We received responses from practitioners of diverse backgrounds. From about 700 requested potential participants, 81 respondents completed the survey which is about 11.57%. To mention, out of the 81 respondents, all responded to Part 1 of the survey, 49 participants responded to Part 2 and 44 participants responded to Part 3 of the survey. We excluded responses of one participants with partial response to only Part 1 of the survey. So at the end, we retained the responses of 80 participants for our analysis.

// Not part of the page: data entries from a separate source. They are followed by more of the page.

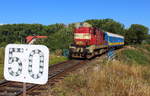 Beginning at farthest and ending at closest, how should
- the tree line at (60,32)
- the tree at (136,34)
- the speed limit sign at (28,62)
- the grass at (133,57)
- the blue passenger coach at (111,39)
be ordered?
the tree at (136,34), the blue passenger coach at (111,39), the tree line at (60,32), the grass at (133,57), the speed limit sign at (28,62)

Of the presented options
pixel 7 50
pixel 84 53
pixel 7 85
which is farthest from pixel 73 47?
pixel 7 50

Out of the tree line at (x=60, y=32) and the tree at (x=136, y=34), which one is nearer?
the tree line at (x=60, y=32)

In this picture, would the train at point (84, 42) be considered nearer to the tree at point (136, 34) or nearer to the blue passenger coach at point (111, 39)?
the blue passenger coach at point (111, 39)

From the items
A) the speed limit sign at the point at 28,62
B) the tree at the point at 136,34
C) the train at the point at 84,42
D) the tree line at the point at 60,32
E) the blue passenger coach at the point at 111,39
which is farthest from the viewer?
the tree at the point at 136,34

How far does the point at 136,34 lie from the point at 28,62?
68675 millimetres

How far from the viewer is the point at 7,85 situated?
807 cm

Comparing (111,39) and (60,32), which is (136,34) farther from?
(60,32)

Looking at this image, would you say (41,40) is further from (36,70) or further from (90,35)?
(36,70)

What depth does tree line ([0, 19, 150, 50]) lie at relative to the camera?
26406mm

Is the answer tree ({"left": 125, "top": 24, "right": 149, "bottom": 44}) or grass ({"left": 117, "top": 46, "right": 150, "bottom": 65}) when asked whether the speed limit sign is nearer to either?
grass ({"left": 117, "top": 46, "right": 150, "bottom": 65})

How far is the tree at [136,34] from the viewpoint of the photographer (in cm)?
6622

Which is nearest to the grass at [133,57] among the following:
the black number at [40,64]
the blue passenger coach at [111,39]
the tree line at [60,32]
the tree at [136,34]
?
the blue passenger coach at [111,39]

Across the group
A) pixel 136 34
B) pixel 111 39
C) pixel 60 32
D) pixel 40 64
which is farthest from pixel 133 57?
pixel 136 34

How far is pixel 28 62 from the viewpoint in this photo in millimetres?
3293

3.4 Data collection and analysis

Our survey was designed using Google forms and was made available to the respondents through a provided web link. We collected the data once the survey period was ended. We did some preprocessing of the responses to remove formatting or minor linguistic differences for correct analysis and descriptive statistics. To answer the research questions, we analyzed the data to compute descriptive statistics. We then used visualization techniques to present the responses to have better insights into the trends, similarity, and contrast among different classes of responses. For qualitative analysis of the responses from open-ended questions, we applied grounded theory (Stol et al., 2016; Charmaz, 2006) based coding of the responses for categorization of the challenges and practices in different phases of the ML development. Here, we assigned qualitative coding for the segments of data from the participants’ responses. This aims to make analytic interpretations of the concrete statements from the survey participants to compare, categorize, and summarize the responses. We named (coded) each distinct segment of data to develop abstract concepts for interpreting that data segment. The coding is to link data to an emerging theory that aims to explain the data. We started with initial coding that is open to possible concepts followed by more focused coding to organize or synthesize frequent initial codes. We did theoretical integration during focused coding and continue for subsequent steps to pinpoint the most salient categories from the data. Two of the authors performed classifications independently regarding the goals defined by the corresponding research questions. The authors resolved the disagreements observed in some cases by meeting in person to finalize the data classification. The classified data was further summarized based on analyzing the distributions and visualization. Based on the analysis, we summarized the practices and challenges in ML application development as reported by the survey participants.

3.5 Privacy and anonymity

To ensure the privacy and anonymity of the participants, we did not collect any personal information. The participants were assigned a randomly generated code to use as the user ID. We use cookies to keep track of the returning user to assign the same user ID for different parts of the online survey. Participants were able to access the privacy and data usage policy along with the consent from for voluntary participation. Participants’ data will be securely preserved for seven years. Participants were allowed to withdraw themselves and request data removal at any stage of their participation.

4 Results

In this section, we present our results from the survey to answer the research questions. We also present our insights into the survey responses from the expert practitioners regarding the challenges and best practices in ML application development. We present our findings in the following subsections:

4.1 Demographic distributions

We summarize the demographic information of the participants as follows:

4.1.1 Background

Among the 80 respondents who completed the survey, 56 (70%) participants are from the software industry, 18 (22.5%) from academia or research, 1 (1.25%) was with both academic and industry affiliation, and 5 (6.25%) participants identified themselves with other affiliations (Fig. 3). The participants are from diverse academic background (Fig. 4) comprising 16 PhDs or above (20%), 32 Masters (40%), 31 Bachelors (38.75%), and 1 (1.25%) mentioned as with “Other” level of educational qualifications.

Fig. 3
figure 3

Organization types of the participants

Fig. 4
figure 4

Educational qualifications of the participants

Fig. 5
figure 5

Job titles/roles of the participants

The participants are from diverse roles (Fig. 5) in their corresponding organization with 26 (32.5%) AI/ML engineer, 18 (22.5%) data scientist, 24 (30%) researcher with 10 (12.5%) of them identified themselves as AI/ML research scientist. Besides, 9 (11.25%) of the participants are with the roles of AI/ML developer/analyst, one (1.25%) software development intern, and 4 (5%) with upper-level roles including one chief AI officer, ML software architect, software team lead, and deep learning manager. In addition, the participants include three (3.75%) PhD students, two (2.5%) Masters students, and one other student. The above diversity in the participants comprising both researchers and practitioners allows us to obtain a good representation of the skills and experience of varying levels.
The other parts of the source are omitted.